Shouto knows that Bakugou is not easily breakable, but Shouto has always been built for destruction, and he does not know if he trusts his hands with something as complicated and wonderful as Bakugou.
“Thanks,” Bakugou says, turning back to Shouto. He quirks his lips up, but the smile doesn’t reach his eyes, not really. It’s like a sidestep to the left; like there’s something else in his eyes instead. “I should…”
“Do you want to stay?” Shouto asks. Quick and sudden, like a blade to the skin.
He waits for the blood to flow.
Bakugou’s eyes, half-wild. Bakugou’s expression, caught. Half-wistful. Half-guarded.
“I shouldn’t,” he says, and Shouto’s heart plummets, because it’s not a yes, and he’s right.
(I shouldn’t, he says, and Shouto’s heart soars, because it’s not a no, and Shouto is weak.)
“Probably not,” Shouto says, throat dry.
Bakugou’s eyes do that complicated thing again, wanting and frustrated and unsure, everything, all at once.
“But I’m asking you to anyway,” Shouto continues, quiet.
Bakugou blinks, long and slow. Moments pass. Centuries, even.
Shouto wants it to be over. Shouto thinks he’d wait eternities for this.
“Will you dry me off, then?” Bakugou finally asks. “Don’t wanna get your furniture wet.”
Shouto’s heart leaps.
“Sure,” he says. “Gotta make myself useful, right?”

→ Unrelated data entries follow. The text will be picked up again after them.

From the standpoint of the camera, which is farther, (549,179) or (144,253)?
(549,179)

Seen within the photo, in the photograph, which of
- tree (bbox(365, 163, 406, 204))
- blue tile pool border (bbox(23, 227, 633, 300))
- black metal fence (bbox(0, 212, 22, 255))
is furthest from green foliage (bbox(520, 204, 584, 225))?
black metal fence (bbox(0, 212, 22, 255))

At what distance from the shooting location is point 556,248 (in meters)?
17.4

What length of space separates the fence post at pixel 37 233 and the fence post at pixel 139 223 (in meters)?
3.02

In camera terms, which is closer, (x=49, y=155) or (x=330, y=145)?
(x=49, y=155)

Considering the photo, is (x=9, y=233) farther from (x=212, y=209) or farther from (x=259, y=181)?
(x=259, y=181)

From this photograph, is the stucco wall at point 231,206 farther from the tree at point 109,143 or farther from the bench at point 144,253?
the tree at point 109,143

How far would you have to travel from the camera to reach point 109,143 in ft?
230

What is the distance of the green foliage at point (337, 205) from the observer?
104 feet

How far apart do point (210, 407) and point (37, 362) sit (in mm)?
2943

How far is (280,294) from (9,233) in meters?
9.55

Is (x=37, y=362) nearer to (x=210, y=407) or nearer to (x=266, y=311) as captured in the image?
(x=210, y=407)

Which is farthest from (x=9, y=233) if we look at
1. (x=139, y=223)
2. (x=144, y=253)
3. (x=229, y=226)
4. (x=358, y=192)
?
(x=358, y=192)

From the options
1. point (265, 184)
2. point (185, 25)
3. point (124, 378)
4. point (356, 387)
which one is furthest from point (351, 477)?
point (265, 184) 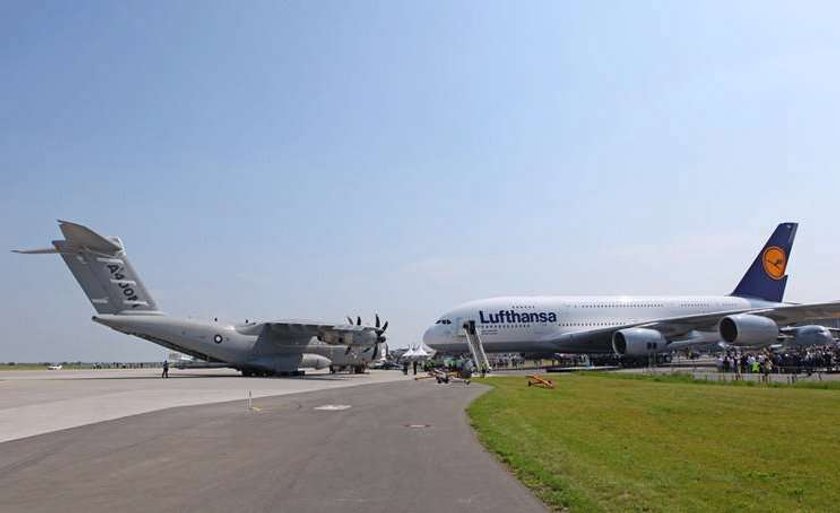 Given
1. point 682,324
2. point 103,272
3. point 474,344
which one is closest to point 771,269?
point 682,324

It’s a joke, or sort of – a callback, maybe, to when they were teenagers, and Bakugou would grumble at Shouto to be useful until he pressed himself against Bakugou and warmed him.
But Bakugou just looks at him.
“You’re enough,” he says, voice gruff. Quiet. “Always. You know that, right?”
Oh.
Shouto swallows. “I do now,” he says, more a breath than words.

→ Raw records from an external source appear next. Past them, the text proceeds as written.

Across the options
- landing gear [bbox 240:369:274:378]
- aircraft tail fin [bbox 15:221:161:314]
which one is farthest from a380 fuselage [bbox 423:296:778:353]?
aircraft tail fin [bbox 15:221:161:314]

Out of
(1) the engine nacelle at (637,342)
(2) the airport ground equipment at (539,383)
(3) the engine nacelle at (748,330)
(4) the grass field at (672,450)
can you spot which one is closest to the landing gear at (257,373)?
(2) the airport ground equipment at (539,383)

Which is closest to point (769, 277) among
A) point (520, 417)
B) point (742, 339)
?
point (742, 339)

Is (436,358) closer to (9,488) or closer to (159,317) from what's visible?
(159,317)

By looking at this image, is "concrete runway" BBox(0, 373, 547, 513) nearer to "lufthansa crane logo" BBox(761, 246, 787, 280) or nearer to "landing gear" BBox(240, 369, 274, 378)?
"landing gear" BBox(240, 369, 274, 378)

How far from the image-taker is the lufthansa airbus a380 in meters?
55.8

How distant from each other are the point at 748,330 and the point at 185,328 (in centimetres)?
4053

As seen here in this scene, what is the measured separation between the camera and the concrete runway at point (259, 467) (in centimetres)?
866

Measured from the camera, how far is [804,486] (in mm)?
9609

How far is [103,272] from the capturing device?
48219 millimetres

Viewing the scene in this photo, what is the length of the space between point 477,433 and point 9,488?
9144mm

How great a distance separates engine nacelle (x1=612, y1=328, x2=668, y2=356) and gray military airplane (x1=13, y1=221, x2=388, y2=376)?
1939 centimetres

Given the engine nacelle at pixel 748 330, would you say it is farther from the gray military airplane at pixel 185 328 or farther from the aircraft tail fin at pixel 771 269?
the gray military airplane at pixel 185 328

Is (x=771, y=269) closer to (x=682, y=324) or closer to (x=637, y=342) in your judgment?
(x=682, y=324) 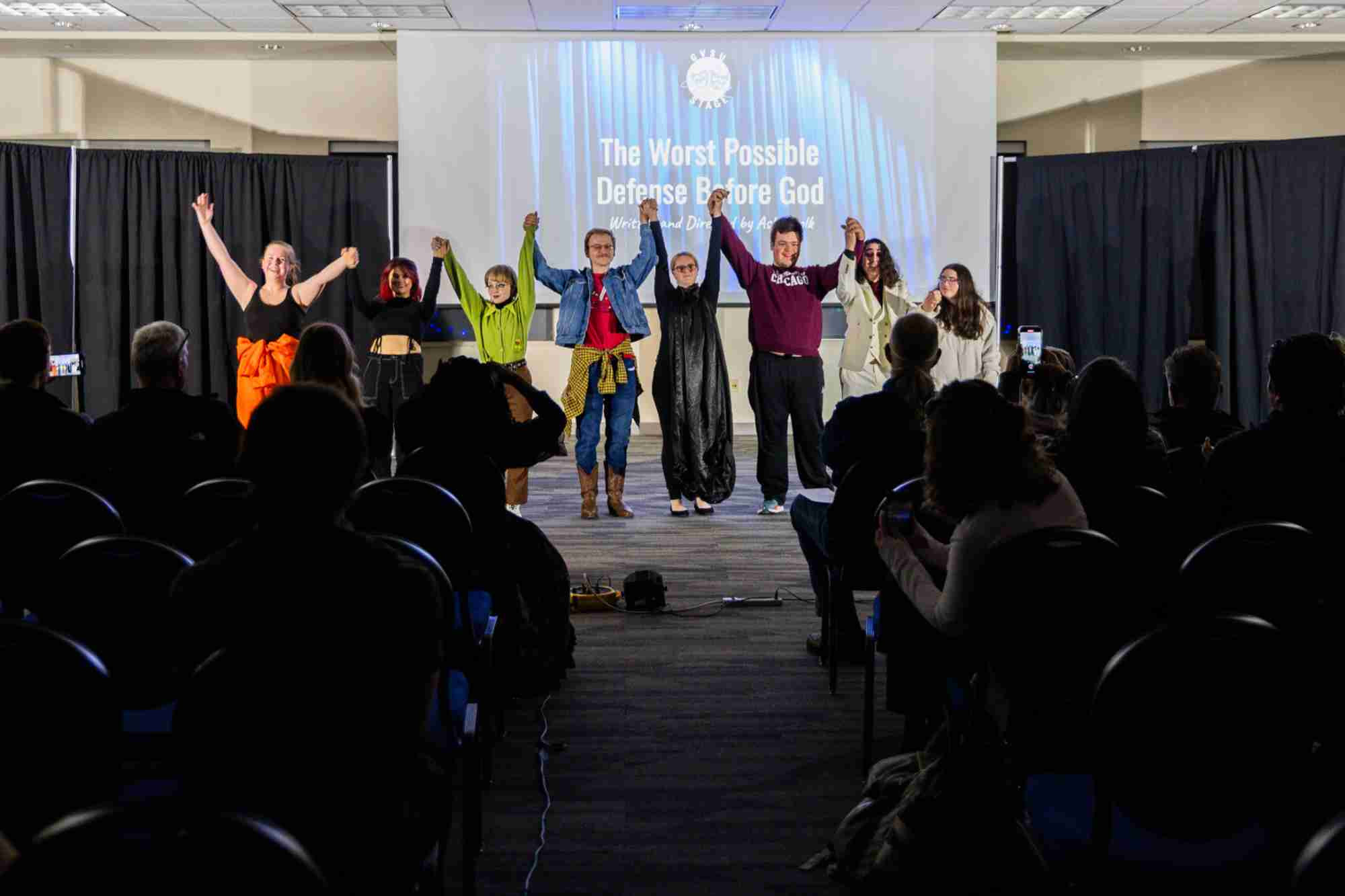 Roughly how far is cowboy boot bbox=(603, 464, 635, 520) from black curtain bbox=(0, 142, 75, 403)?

Bakugou closes his eyes for a moment, like something is striking at him, but he opens his eyes. They’re a little wet. It could be a trick of the light.
“Better late than never,” Bakugou murmurs, then looks at Shouto. “Okay,” he says.

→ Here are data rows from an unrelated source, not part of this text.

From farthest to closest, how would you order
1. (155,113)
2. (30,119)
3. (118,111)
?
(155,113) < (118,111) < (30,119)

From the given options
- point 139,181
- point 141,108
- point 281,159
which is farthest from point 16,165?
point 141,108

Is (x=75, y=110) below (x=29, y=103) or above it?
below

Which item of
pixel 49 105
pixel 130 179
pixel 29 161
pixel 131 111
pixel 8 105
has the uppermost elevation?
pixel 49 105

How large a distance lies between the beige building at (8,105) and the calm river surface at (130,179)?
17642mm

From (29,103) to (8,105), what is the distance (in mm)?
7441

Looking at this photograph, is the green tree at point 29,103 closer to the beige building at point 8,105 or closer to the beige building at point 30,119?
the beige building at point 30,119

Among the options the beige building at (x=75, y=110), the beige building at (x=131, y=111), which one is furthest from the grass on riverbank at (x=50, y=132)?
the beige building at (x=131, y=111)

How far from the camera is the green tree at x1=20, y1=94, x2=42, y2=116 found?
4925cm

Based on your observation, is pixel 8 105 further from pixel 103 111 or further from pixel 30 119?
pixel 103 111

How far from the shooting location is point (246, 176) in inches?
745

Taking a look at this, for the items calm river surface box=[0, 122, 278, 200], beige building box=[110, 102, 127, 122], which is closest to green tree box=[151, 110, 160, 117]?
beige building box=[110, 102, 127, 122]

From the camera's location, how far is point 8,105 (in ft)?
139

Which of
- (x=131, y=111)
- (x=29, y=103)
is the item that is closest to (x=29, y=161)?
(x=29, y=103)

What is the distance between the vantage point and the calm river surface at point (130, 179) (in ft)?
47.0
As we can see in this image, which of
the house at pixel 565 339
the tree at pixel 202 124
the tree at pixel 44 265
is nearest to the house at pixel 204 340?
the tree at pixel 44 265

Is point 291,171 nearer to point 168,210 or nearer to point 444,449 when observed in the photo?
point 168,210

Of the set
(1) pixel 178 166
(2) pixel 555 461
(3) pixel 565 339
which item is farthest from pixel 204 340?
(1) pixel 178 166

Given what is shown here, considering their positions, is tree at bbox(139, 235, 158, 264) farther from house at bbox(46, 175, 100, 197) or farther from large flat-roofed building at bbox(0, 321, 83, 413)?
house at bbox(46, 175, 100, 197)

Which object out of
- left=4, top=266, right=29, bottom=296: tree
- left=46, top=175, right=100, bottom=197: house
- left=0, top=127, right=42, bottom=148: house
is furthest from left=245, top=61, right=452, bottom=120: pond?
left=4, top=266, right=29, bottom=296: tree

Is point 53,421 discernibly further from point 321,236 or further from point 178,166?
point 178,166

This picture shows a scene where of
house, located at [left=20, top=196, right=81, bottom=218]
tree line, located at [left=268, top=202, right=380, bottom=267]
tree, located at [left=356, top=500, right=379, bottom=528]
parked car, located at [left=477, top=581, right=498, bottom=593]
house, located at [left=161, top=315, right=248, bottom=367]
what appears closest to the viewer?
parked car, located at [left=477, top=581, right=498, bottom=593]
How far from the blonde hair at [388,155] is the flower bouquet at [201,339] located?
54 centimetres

That’s all, but Shouto takes his hand. Pulls him into his bedroom – presses his left side against Bakugou’s skin and clothes, warms him up, shakily inhales the scent of nitroglycerin as Bakugou’s breath hitches – sinks into the futon, and watches as Bakugou shuffles a little closer, curling more into him.
Shouto thinks about the easy way out: not to say anything, or to head him off from the outset, tell him he can leave before Hitomi wakes up if he wants – to save Shouto’s pride from being left, or to keep Bakugou from feeling trapped, or –
Shouto thinks about Izuku saying that sometimes paths can be straight, and takes a deep breath.
(hey katsuki you know i’m in—)
“Hitomi likes pancakes,” he says, stark in the depths of the night. A beat. Two. “Please stay,” he whispers.
There is no answer.
Todoroki Shouto goes to sleep next to Bakugou Katsuki on a rainy Tuesday at eleven thirty pm.
He wakes up on Wednesday morning, and Bakugou is there, looking at him. Looking caught, looking hesitant, but he’s there, looking at Shouto, and he’s so, so beautiful.
And he stayed.
“Hey, Katsuki,” Shouto says, voice sleep-slurred, but warmer than anything he’s ever managed with his quirk. “Do you like pancakes?”
He’s not bleeding this time, and it’s half-crooked rather than half-feral, but when Bakugou Katsuki smiles at him, Shouto still thinks: I want to kiss you.